> _Exercise aim_: Every entry needs to be duplicated exactly.

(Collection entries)
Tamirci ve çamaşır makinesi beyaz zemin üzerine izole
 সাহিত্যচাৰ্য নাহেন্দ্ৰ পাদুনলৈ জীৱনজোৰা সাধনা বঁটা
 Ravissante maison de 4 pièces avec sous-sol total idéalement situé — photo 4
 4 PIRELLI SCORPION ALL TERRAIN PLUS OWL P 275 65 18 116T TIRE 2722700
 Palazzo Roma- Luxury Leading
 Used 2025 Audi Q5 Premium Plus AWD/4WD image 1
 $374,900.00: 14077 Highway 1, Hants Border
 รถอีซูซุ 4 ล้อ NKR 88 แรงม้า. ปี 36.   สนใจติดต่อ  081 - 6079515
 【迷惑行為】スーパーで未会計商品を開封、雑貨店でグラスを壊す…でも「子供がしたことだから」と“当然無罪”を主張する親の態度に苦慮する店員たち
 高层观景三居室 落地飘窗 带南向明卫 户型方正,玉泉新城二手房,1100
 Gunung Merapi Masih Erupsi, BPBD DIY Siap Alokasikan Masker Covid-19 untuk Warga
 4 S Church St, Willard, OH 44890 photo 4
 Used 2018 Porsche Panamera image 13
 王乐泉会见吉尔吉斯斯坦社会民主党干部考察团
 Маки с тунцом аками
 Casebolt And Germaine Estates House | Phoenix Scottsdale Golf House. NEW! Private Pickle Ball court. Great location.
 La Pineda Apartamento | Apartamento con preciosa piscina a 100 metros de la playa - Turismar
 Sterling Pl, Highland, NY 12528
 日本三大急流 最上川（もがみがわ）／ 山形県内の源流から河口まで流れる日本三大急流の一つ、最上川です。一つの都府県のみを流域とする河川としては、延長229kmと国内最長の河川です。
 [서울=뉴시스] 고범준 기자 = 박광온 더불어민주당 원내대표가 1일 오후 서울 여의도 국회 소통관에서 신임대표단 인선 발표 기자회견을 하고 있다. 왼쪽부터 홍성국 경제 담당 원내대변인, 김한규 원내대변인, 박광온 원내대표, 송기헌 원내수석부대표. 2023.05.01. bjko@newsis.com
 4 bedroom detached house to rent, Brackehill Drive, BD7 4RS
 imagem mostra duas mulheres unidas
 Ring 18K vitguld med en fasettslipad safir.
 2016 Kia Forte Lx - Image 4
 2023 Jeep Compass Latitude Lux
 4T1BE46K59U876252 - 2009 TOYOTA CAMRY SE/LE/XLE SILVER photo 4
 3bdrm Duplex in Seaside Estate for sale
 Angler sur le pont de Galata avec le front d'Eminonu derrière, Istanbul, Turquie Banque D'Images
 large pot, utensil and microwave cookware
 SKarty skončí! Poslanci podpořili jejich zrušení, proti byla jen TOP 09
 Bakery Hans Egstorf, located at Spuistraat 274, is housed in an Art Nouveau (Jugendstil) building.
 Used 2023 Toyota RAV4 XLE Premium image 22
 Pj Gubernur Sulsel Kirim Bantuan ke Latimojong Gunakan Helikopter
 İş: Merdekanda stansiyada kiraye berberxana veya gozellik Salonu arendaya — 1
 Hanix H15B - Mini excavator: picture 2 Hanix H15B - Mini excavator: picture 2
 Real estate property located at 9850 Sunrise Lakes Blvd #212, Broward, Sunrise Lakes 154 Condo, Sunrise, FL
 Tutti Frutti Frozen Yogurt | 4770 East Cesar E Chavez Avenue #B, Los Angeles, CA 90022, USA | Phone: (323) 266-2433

> _Answer to the problem_:
Tamirci ve çamaşır makinesi beyaz zemin üzerine izole
 সাহিত্যচাৰ্য নাহেন্দ্ৰ পাদুনলৈ জীৱনজোৰা সাধনা বঁটা
 Ravissante maison de 4 pièces avec sous-sol total idéalement situé — photo 4
 4 PIRELLI SCORPION ALL TERRAIN PLUS OWL P 275 65 18 116T TIRE 2722700
 Palazzo Roma- Luxury Leading
 Used 2025 Audi Q5 Premium Plus AWD/4WD image 1
 $374,900.00: 14077 Highway 1, Hants Border
 รถอีซูซุ 4 ล้อ NKR 88 แรงม้า. ปี 36.   สนใจติดต่อ  081 - 6079515
 【迷惑行為】スーパーで未会計商品を開封、雑貨店でグラスを壊す…でも「子供がしたことだから」と“当然無罪”を主張する親の態度に苦慮する店員たち
 高层观景三居室 落地飘窗 带南向明卫 户型方正,玉泉新城二手房,1100
 Gunung Merapi Masih Erupsi, BPBD DIY Siap Alokasikan Masker Covid-19 untuk Warga
 4 S Church St, Willard, OH 44890 photo 4
 Used 2018 Porsche Panamera image 13
 王乐泉会见吉尔吉斯斯坦社会民主党干部考察团
 Маки с тунцом аками
 Casebolt And Germaine Estates House | Phoenix Scottsdale Golf House. NEW! Private Pickle Ball court. Great location.
 La Pineda Apartamento | Apartamento con preciosa piscina a 100 metros de la playa - Turismar
 Sterling Pl, Highland, NY 12528
 日本三大急流 最上川（もがみがわ）／ 山形県内の源流から河口まで流れる日本三大急流の一つ、最上川です。一つの都府県のみを流域とする河川としては、延長229kmと国内最長の河川です。
 [서울=뉴시스] 고범준 기자 = 박광온 더불어민주당 원내대표가 1일 오후 서울 여의도 국회 소통관에서 신임대표단 인선 발표 기자회견을 하고 있다. 왼쪽부터 홍성국 경제 담당 원내대변인, 김한규 원내대변인, 박광온 원내대표, 송기헌 원내수석부대표. 2023.05.01. bjko@newsis.com
 4 bedroom detached house to rent, Brackehill Drive, BD7 4RS
 imagem mostra duas mulheres unidas
 Ring 18K vitguld med en fasettslipad safir.
 2016 Kia Forte Lx - Image 4
 2023 Jeep Compass Latitude Lux
 4T1BE46K59U876252 - 2009 TOYOTA CAMRY SE/LE/XLE SILVER photo 4
 3bdrm Duplex in Seaside Estate for sale
 Angler sur le pont de Galata avec le front d'Eminonu derrière, Istanbul, Turquie Banque D'Images
 large pot, utensil and microwave cookware
 SKarty skončí! Poslanci podpořili jejich zrušení, proti byla jen TOP 09
 Bakery Hans Egstorf, located at Spuistraat 274, is housed in an Art Nouveau (Jugendstil) building.
 Used 2023 Toyota RAV4 XLE Premium image 22
 Pj Gubernur Sulsel Kirim Bantuan ke Latimojong Gunakan Helikopter
 İş: Merdekanda stansiyada kiraye berberxana veya gozellik Salonu arendaya — 1
 Hanix H15B - Mini excavator: picture 2 Hanix H15B - Mini excavator: picture 2
 Real estate property located at 9850 Sunrise Lakes Blvd #212, Broward, Sunrise Lakes 154 Condo, Sunrise, FL
 Tutti Frutti Frozen Yogurt | 4770 East Cesar E Chavez Avenue #B, Los Angeles, CA 90022, USA | Phone: (323) 266-2433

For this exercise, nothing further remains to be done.